* What to produce *
Please give back the listing exactly, without any of its pictures.

* Information supplied *
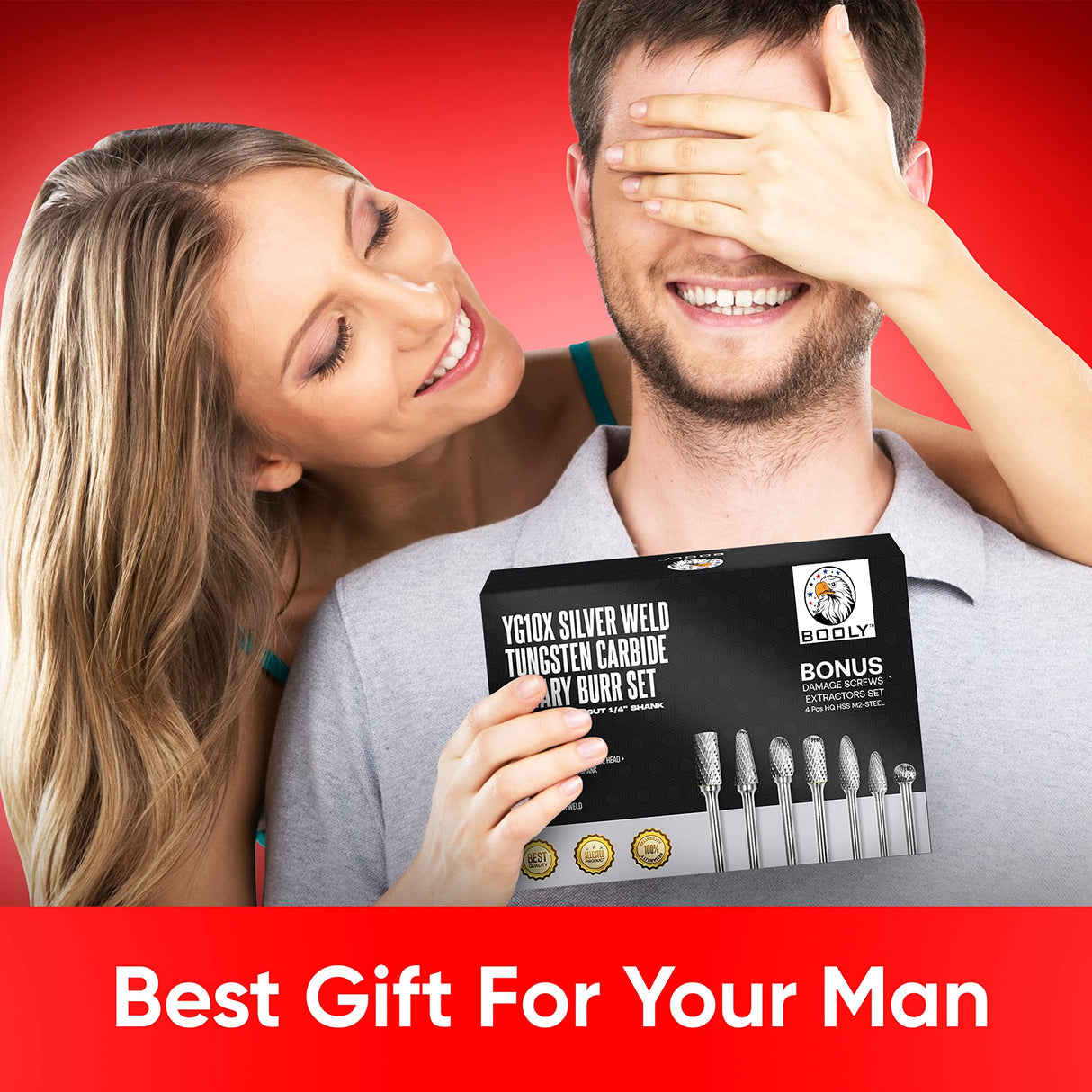 Premium–Grade Die Grinder Bits Carbide Burr Set ¼" Shank 10PC Double Cut Tungsten Rotary Rasp File for Metal Grinding Drill Bits for Makita Dewalt BOOLY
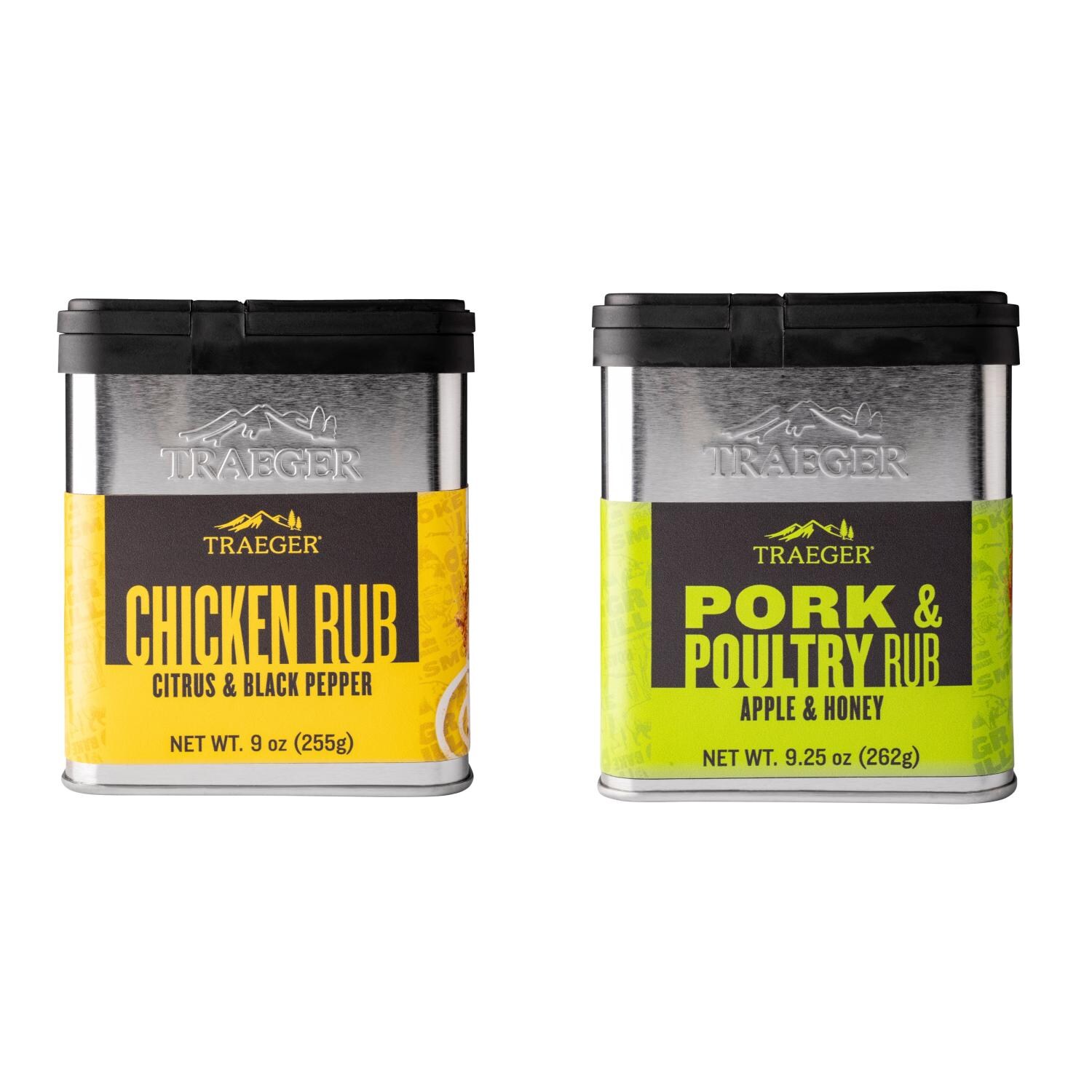Traeger Set 2-Pack Chicken Rub With Pork & Poultry Rub Seasoning - White Background thumbnail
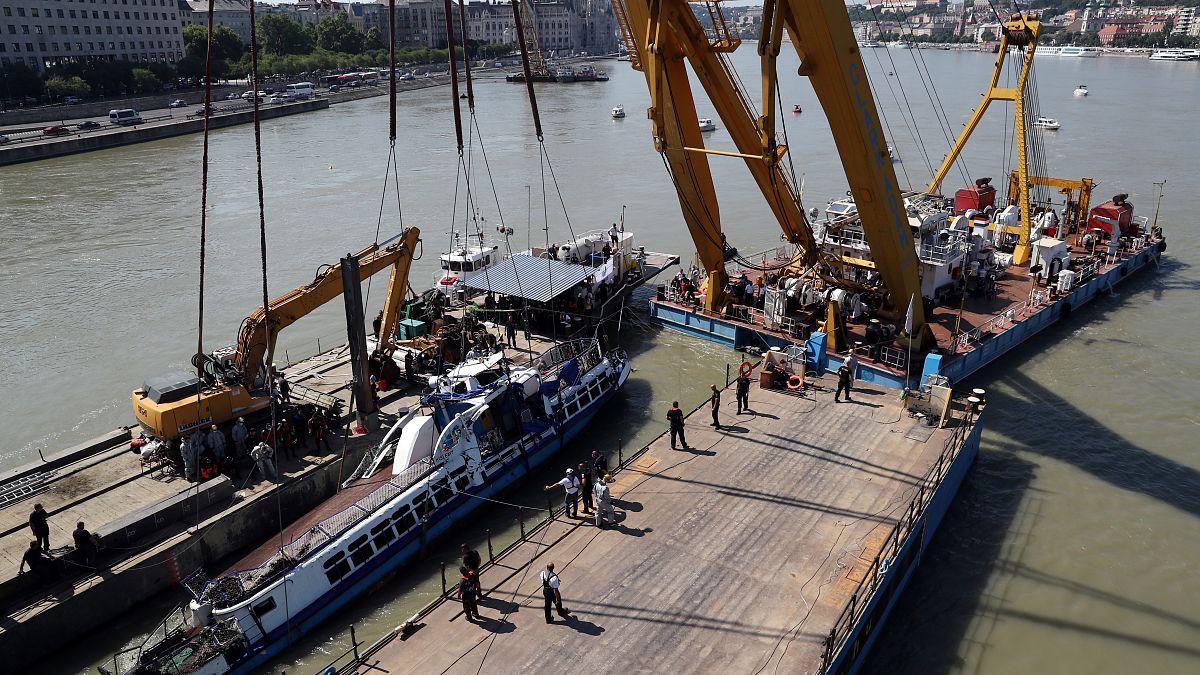 Watch: Boat involved in deadly collision lifted from Danube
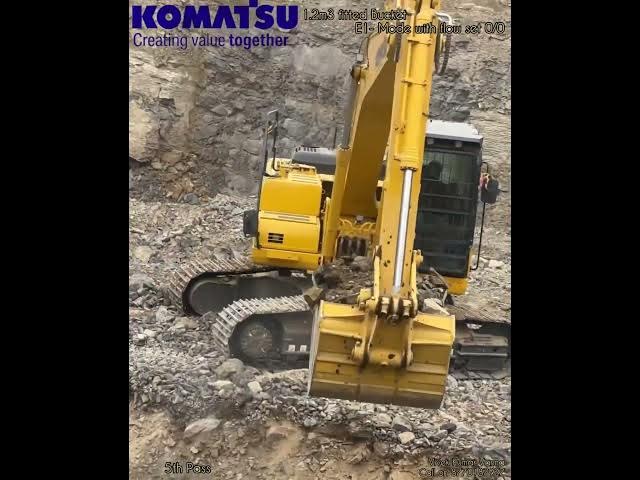 Video thumbnail for Komatsu #PC210-10, Achieving ~1.6-1.7 Ton/pass indicates efficient bucket fill factor E1-mode 0/0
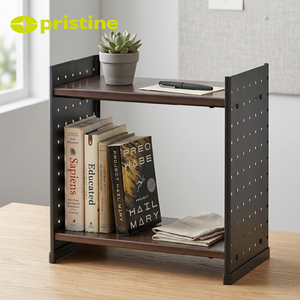 Étagère à livres minimaliste noire à double niveau en métal, réglable en hauteur, de type sur pied, pour le rangement dans le salon ou sur le bureau - Product Image 3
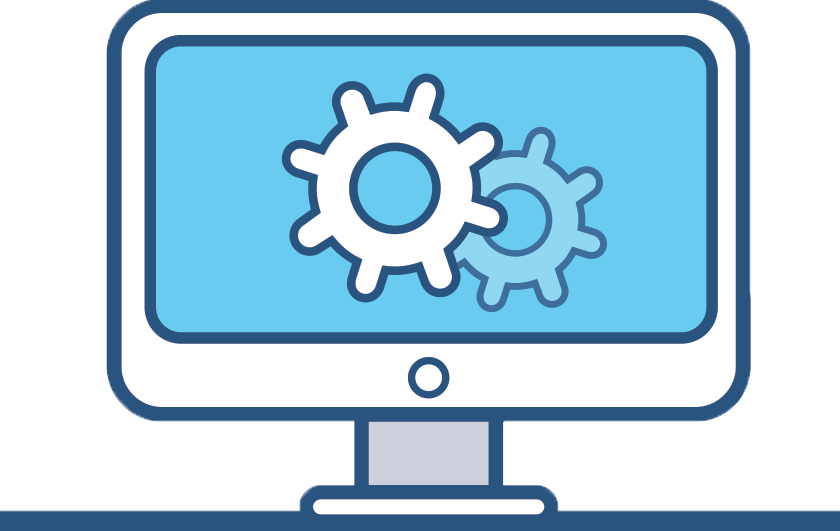 Computer monitor with two gears on the screen, indicating settings or configuration.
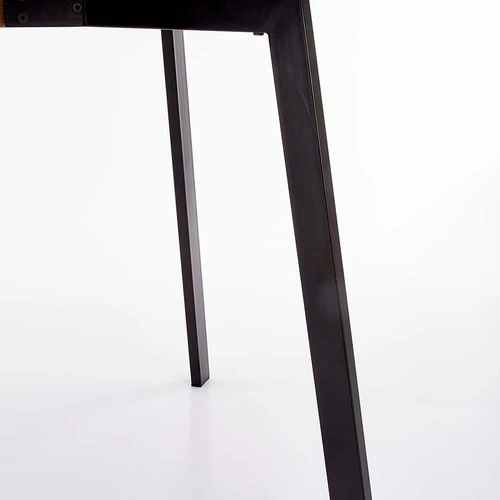 Stilingas stiklo ir medžio masyvo stalas su rūkytu viršumi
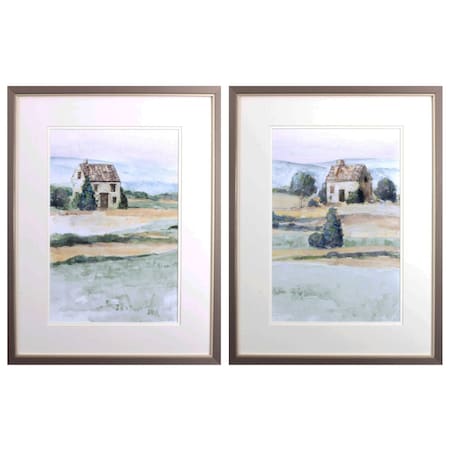 Homeroots Set Of Two On the Countryside Brown Framed Print Wall Art, 2PK 521561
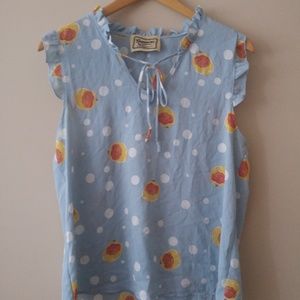 Light Blue Fish Pattern Blouse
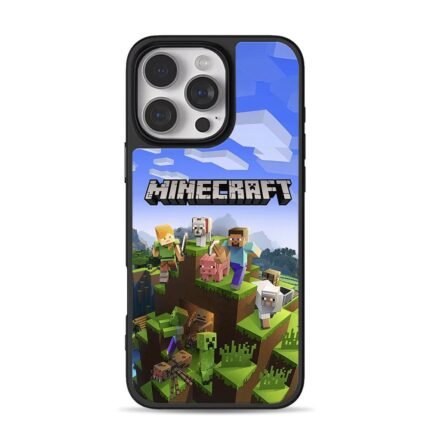Minecraft Steve Alex and game mobs iPhone 16 Pro Max Black Case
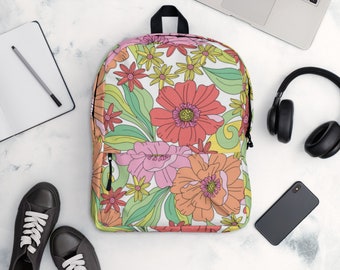 Backpack retro 60’s/70’s style flowers gift for adults or kids books and stuff, fun pop of color, style and function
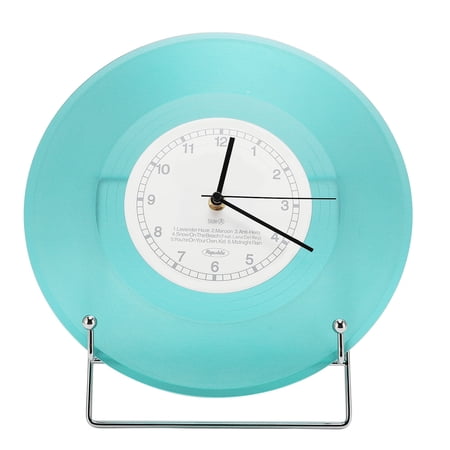 Rupoun 12 Inch / 30.48 cm Vintage Large Round Wall Clock Battery Operated Non Ticking Quartz Decorative Silent Wall Clock Mid-Century Modern Retro Vinyl Record Art Design For Living Room Green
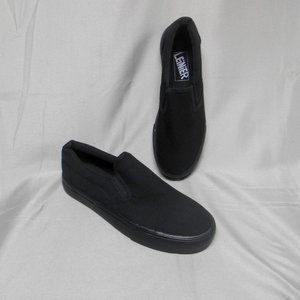 Leinier black canvas flat slip on sneakers mens 7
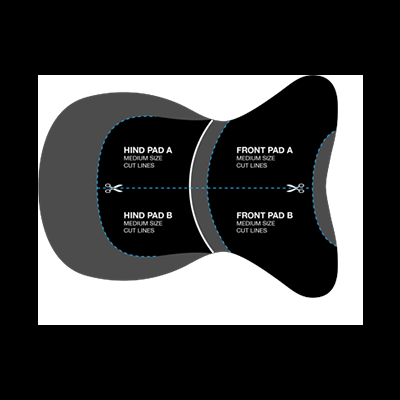 Molde de tecido cinzento escuro com áreas para recorte de almofadas e instruções de corte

* Exercise result *
 Premium–Grade Die Grinder Bits Carbide Burr Set ¼" Shank 10PC Double Cut Tungsten Rotary Rasp File for Metal Grinding Drill Bits for Makita Dewalt BOOLY
Traeger Set 2-Pack Chicken Rub With Pork & Poultry Rub Seasoning - White Background thumbnail
 Watch: Boat involved in deadly collision lifted from Danube
 Video thumbnail for Komatsu #PC210-10, Achieving ~1.6-1.7 Ton/pass indicates efficient bucket fill factor E1-mode 0/0
 Étagère à livres minimaliste noire à double niveau en métal, réglable en hauteur, de type sur pied, pour le rangement dans le salon ou sur le bureau - Product Image 3
 Computer monitor with two gears on the screen, indicating settings or configuration.
 Stilingas stiklo ir medžio masyvo stalas su rūkytu viršumi
 Homeroots Set Of Two On the Countryside Brown Framed Print Wall Art, 2PK 521561
 Light Blue Fish Pattern Blouse
Minecraft Steve Alex and game mobs iPhone 16 Pro Max Black Case
 Backpack retro 60’s/70’s style flowers gift for adults or kids books and stuff, fun pop of color, style and function
 Rupoun 12 Inch / 30.48 cm Vintage Large Round Wall Clock Battery Operated Non Ticking Quartz Decorative Silent Wall Clock Mid-Century Modern Retro Vinyl Record Art Design For Living Room Green
 Leinier black canvas flat slip on sneakers mens 7
 Molde de tecido cinzento escuro com áreas para recorte de almofadas e instruções de corte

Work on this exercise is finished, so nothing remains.